▸ Captioned web images:
-------------------------
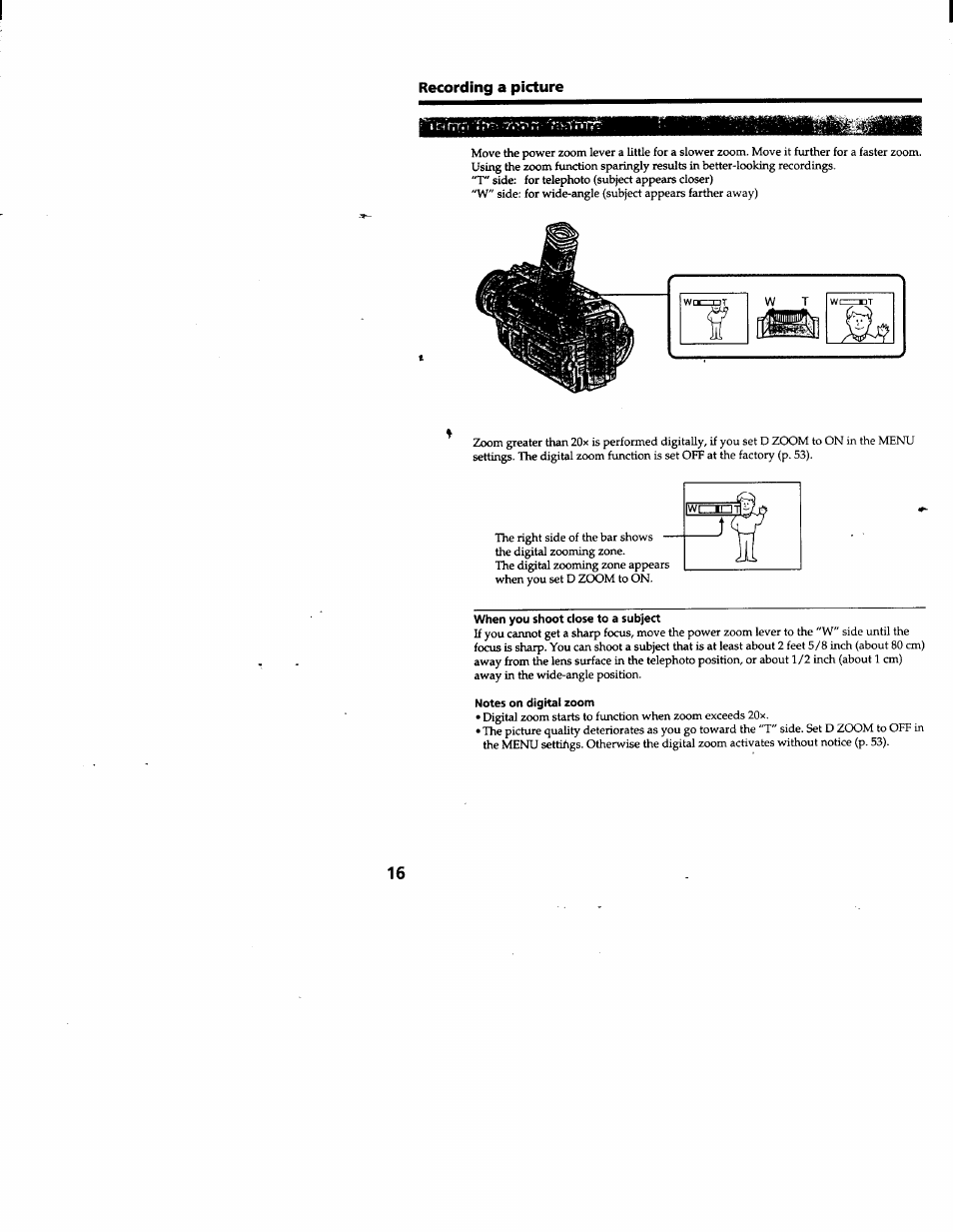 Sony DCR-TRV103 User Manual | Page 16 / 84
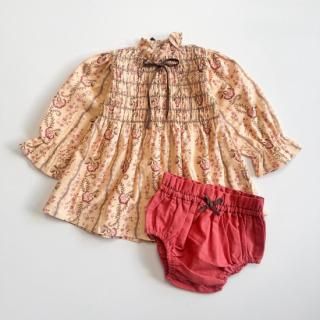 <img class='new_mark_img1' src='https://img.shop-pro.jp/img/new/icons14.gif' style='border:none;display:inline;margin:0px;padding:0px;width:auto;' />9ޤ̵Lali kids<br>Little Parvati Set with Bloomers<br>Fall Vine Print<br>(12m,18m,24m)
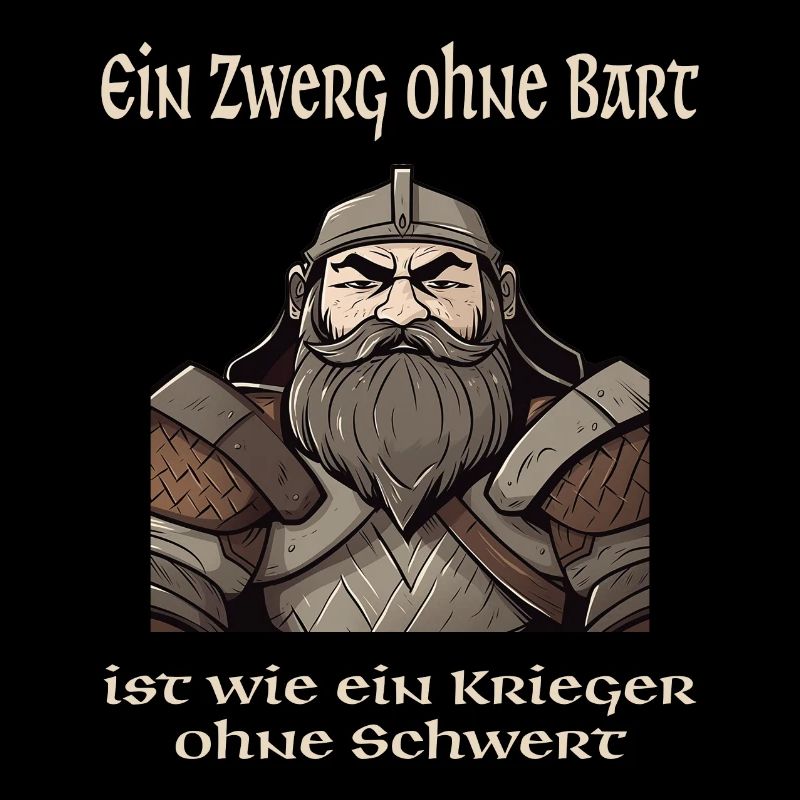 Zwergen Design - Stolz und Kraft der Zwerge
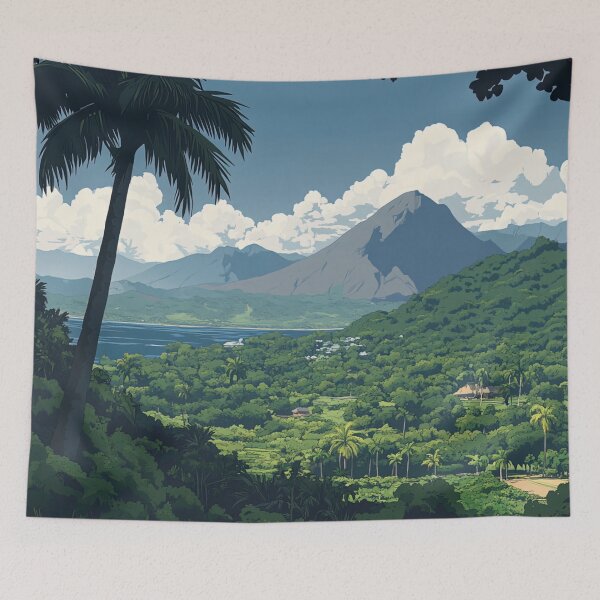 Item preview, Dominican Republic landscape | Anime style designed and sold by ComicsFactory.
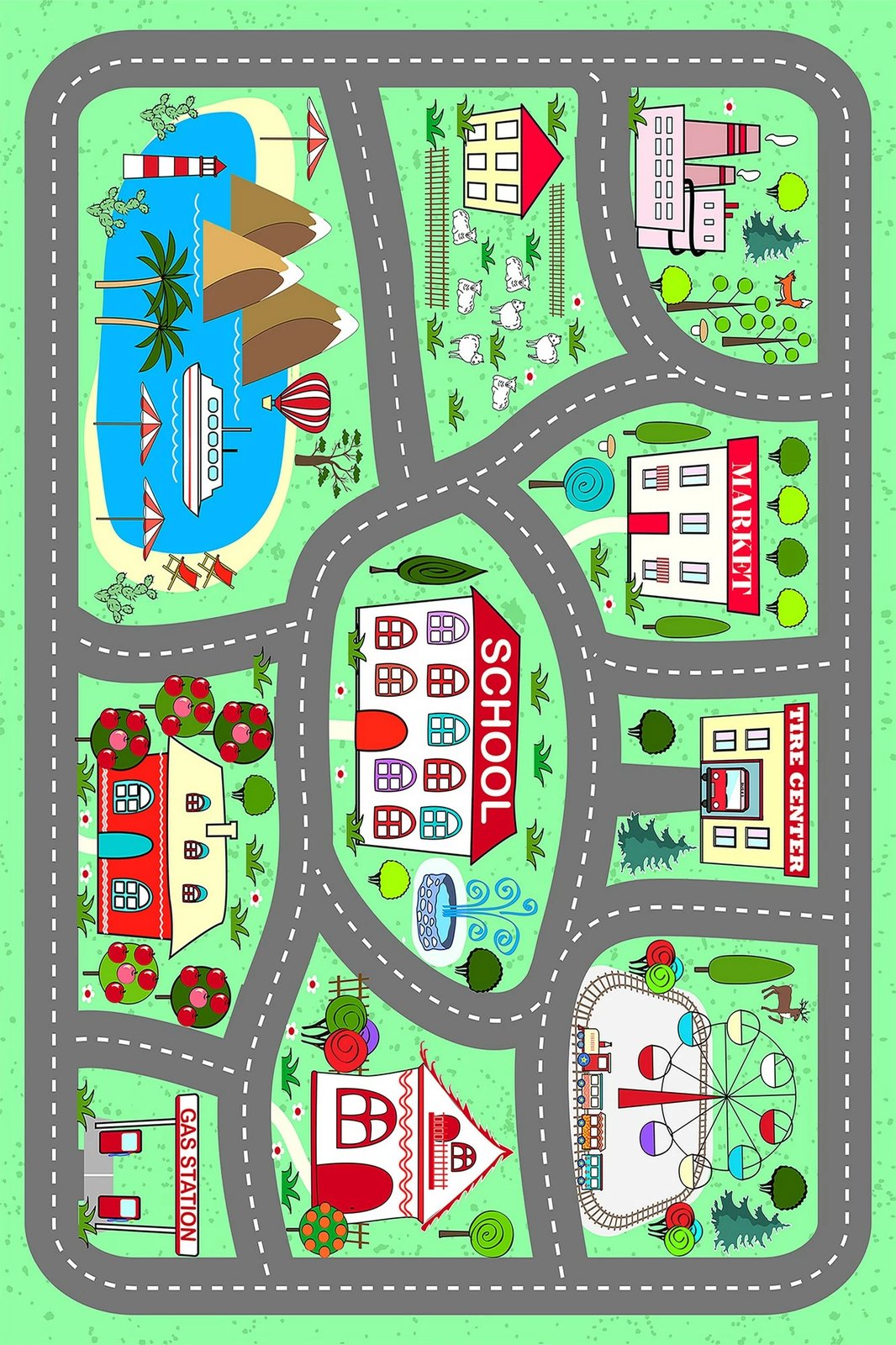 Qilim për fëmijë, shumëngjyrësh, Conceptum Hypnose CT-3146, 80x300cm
-------------------------
▸ Work order:
Return exactly the lines from the one with "Zwergen Design - Stolz und Kraft der Zwerge" through the last line of the entries above, both ends included. No pictures may appear in the copy.

▸ Result for this exercise:
 Zwergen Design - Stolz und Kraft der Zwerge
 Item preview, Dominican Republic landscape | Anime style designed and sold by ComicsFactory.
 Qilim për fëmijë, shumëngjyrësh, Conceptum Hypnose CT-3146, 80x300cm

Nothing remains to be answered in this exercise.